/---
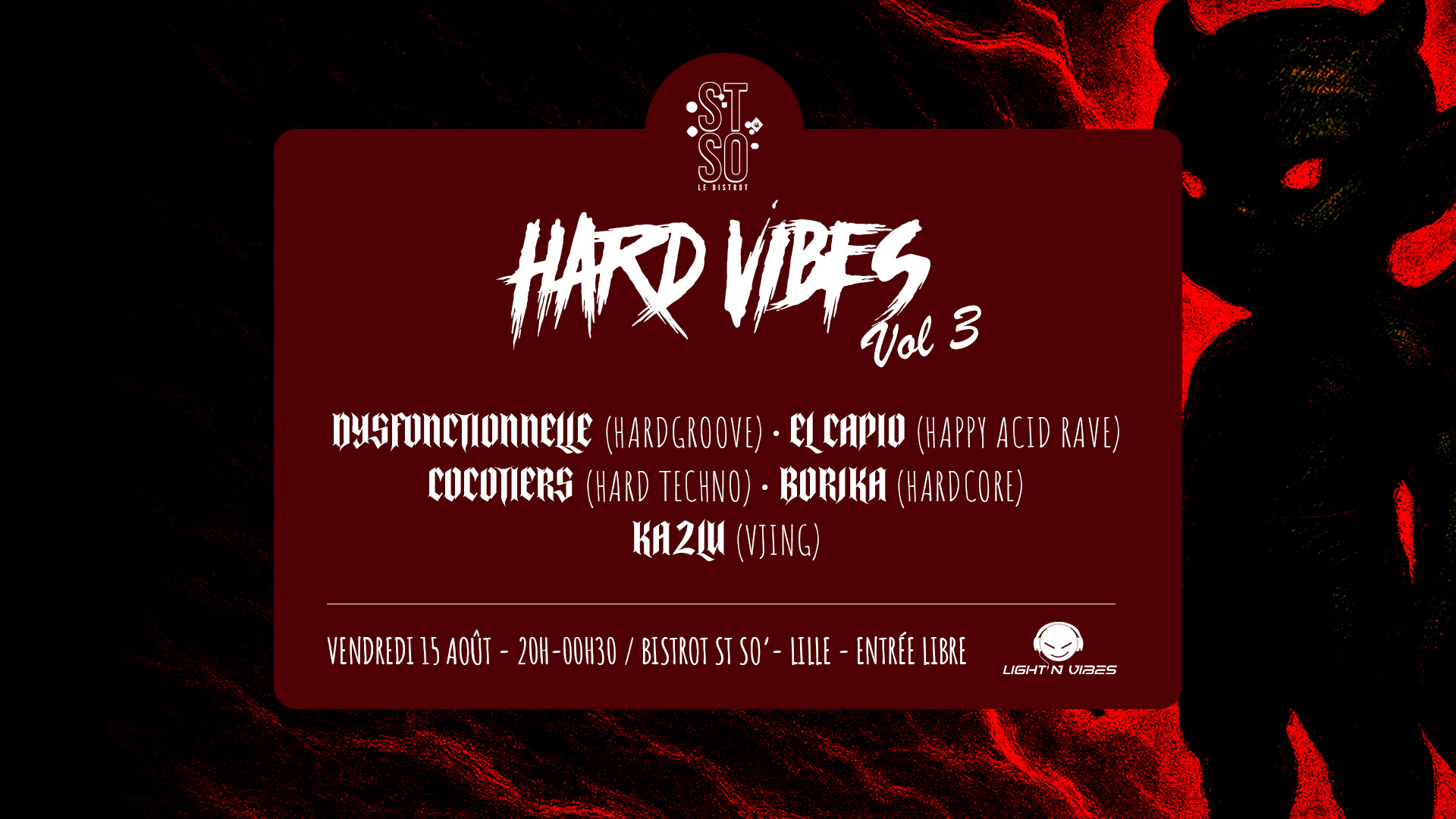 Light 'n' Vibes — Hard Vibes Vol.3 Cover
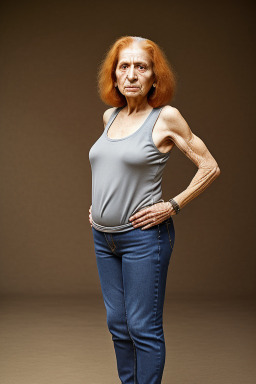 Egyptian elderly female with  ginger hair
\---
/---
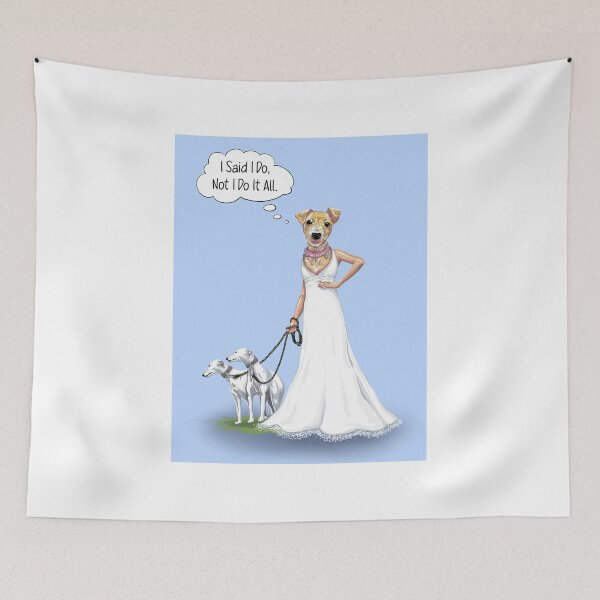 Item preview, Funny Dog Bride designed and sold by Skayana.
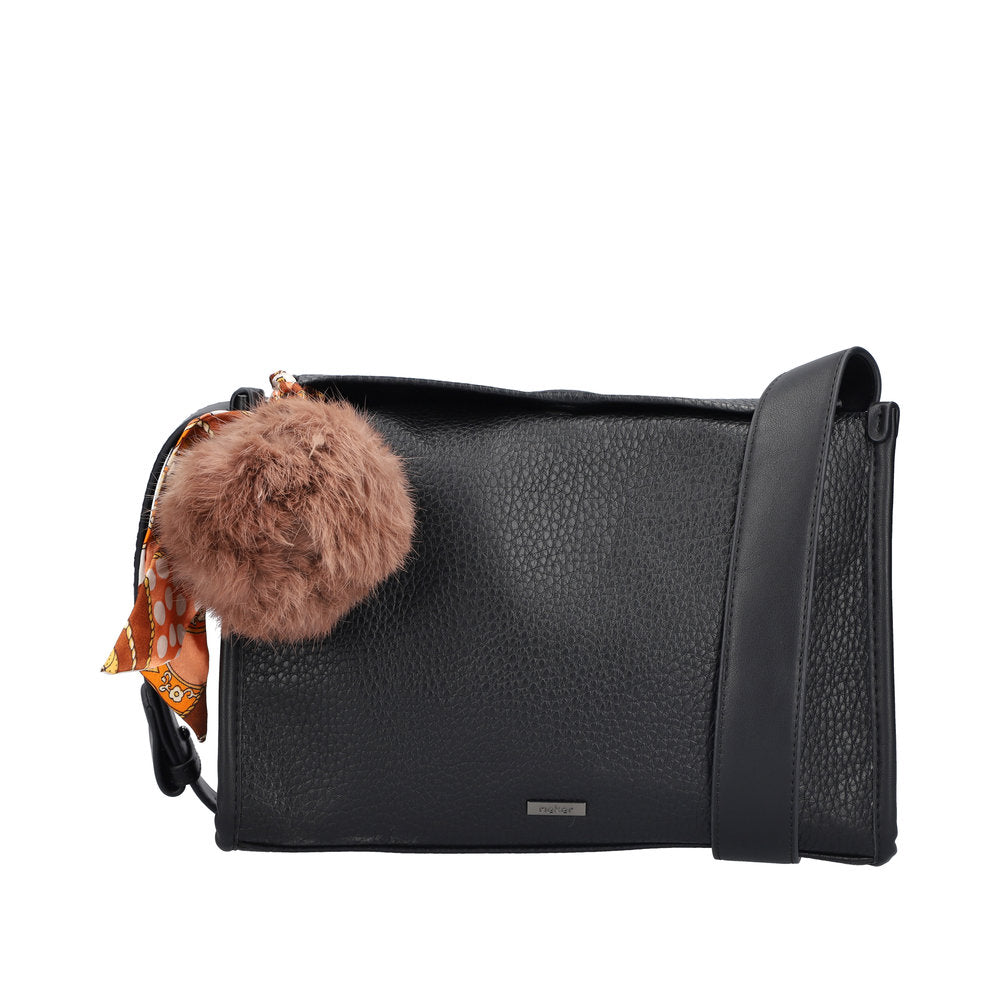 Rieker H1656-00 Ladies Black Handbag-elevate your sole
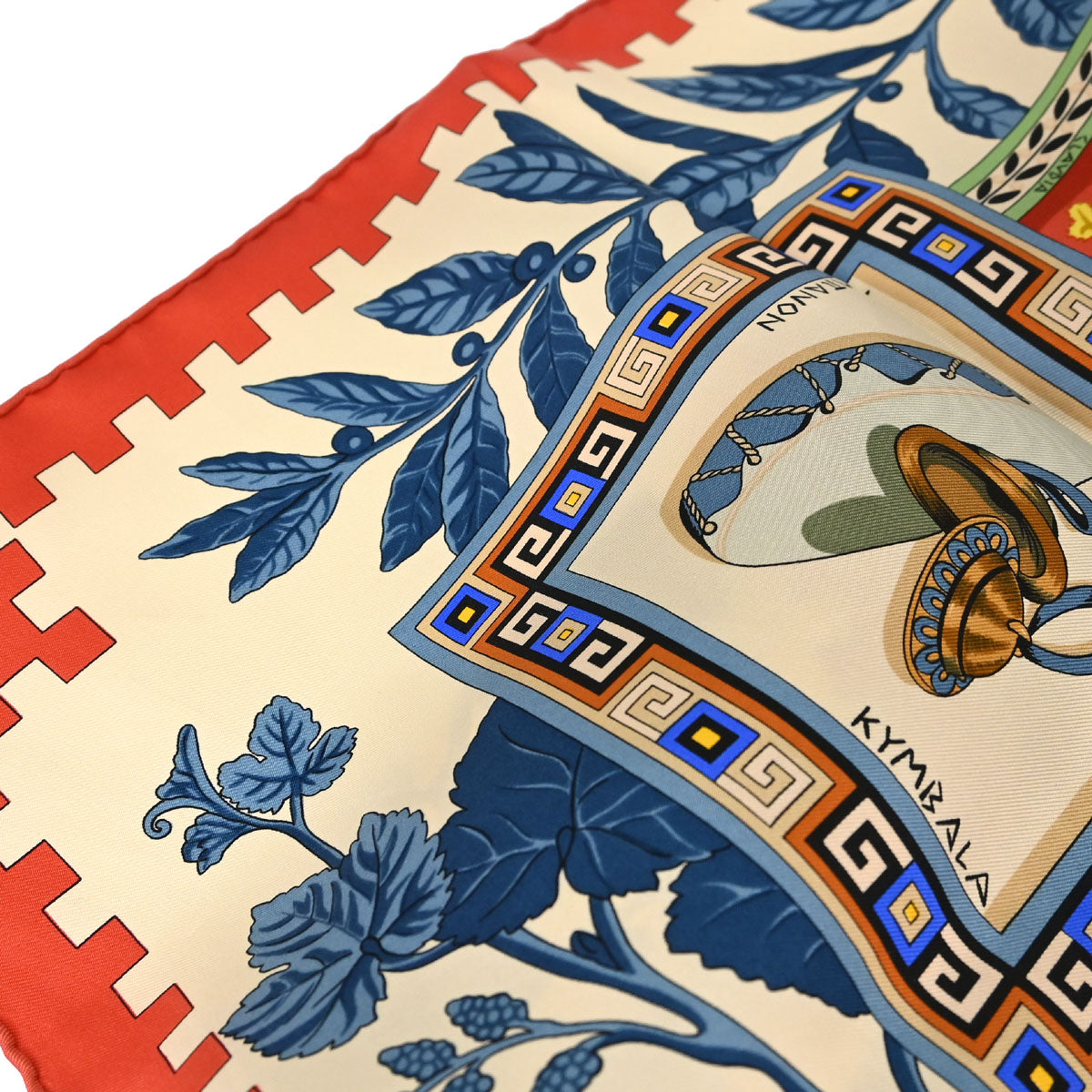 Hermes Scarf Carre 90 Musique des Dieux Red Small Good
\---
/---
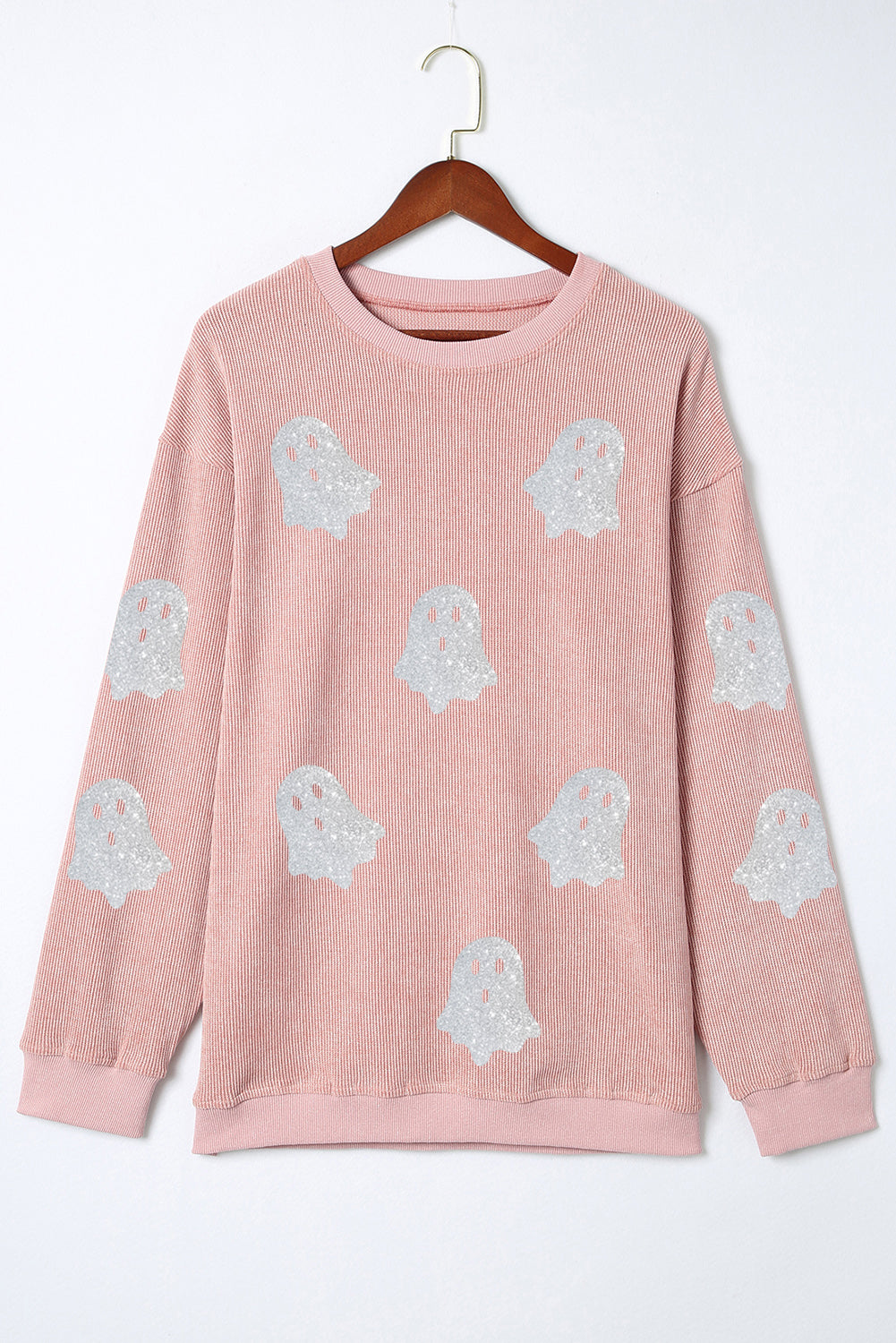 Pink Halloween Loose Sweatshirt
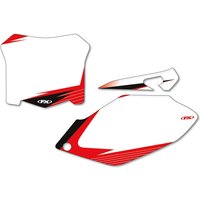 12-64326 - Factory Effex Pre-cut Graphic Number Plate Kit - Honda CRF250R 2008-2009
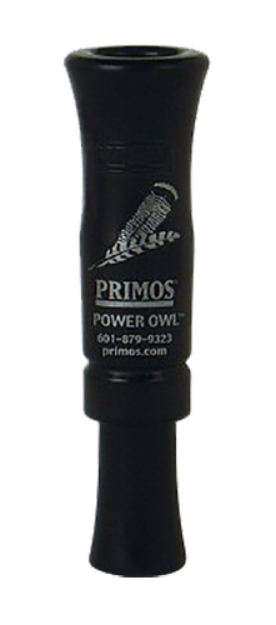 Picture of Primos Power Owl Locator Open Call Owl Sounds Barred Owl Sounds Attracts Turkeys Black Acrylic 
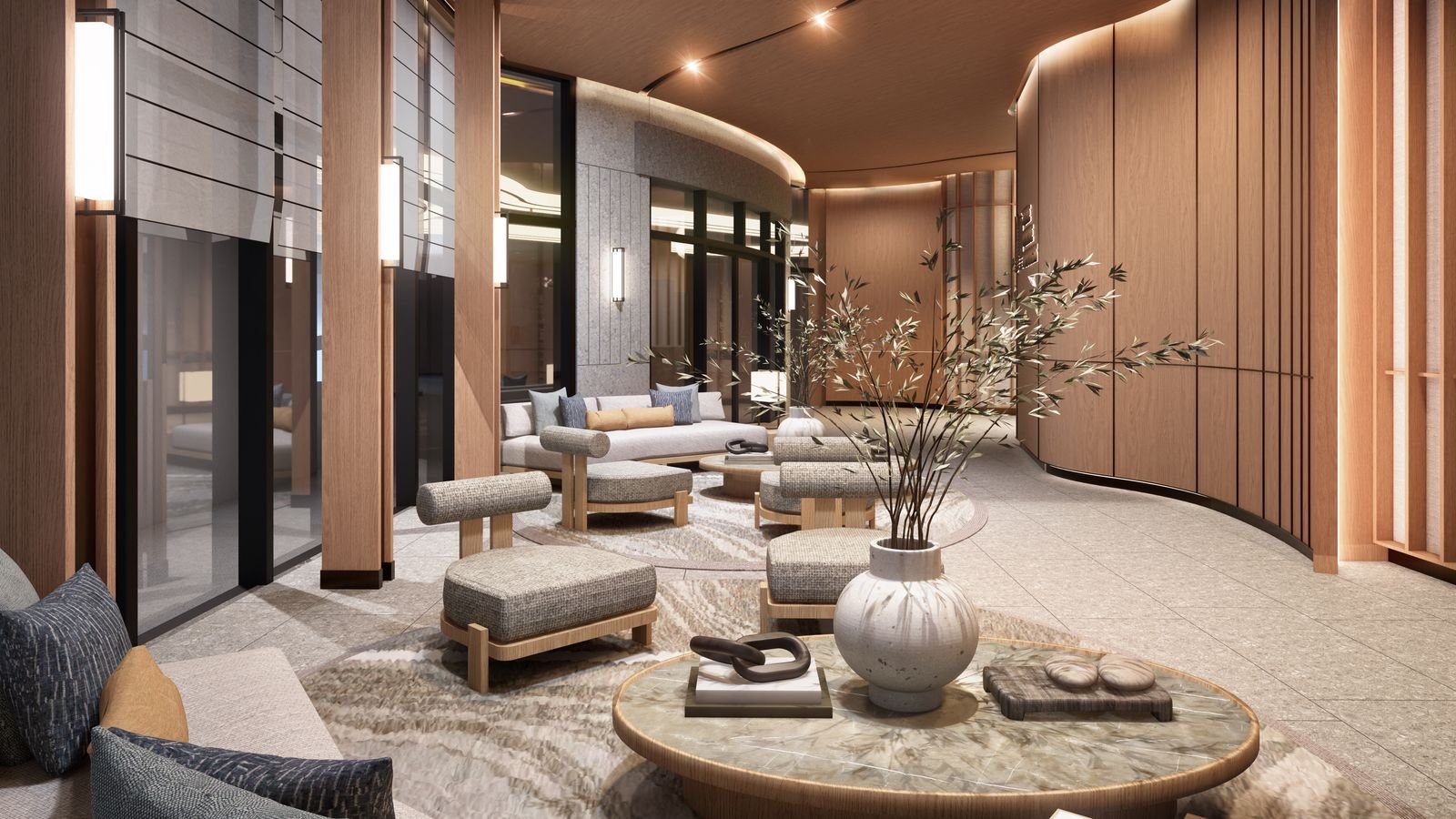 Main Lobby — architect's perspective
\---
## Work required
Your reply should consist solely of the lines above from the line containing "Item preview, Funny" up to and including the line containing "Hermes Scarf Carre", reproduced exactly, minus the pictures.

## Written response
 Item preview, Funny Dog Bride designed and sold by Skayana.
 Rieker H1656-00 Ladies Black Handbag-elevate your sole
 Hermes Scarf Carre 90 Musique des Dieux Red Small Good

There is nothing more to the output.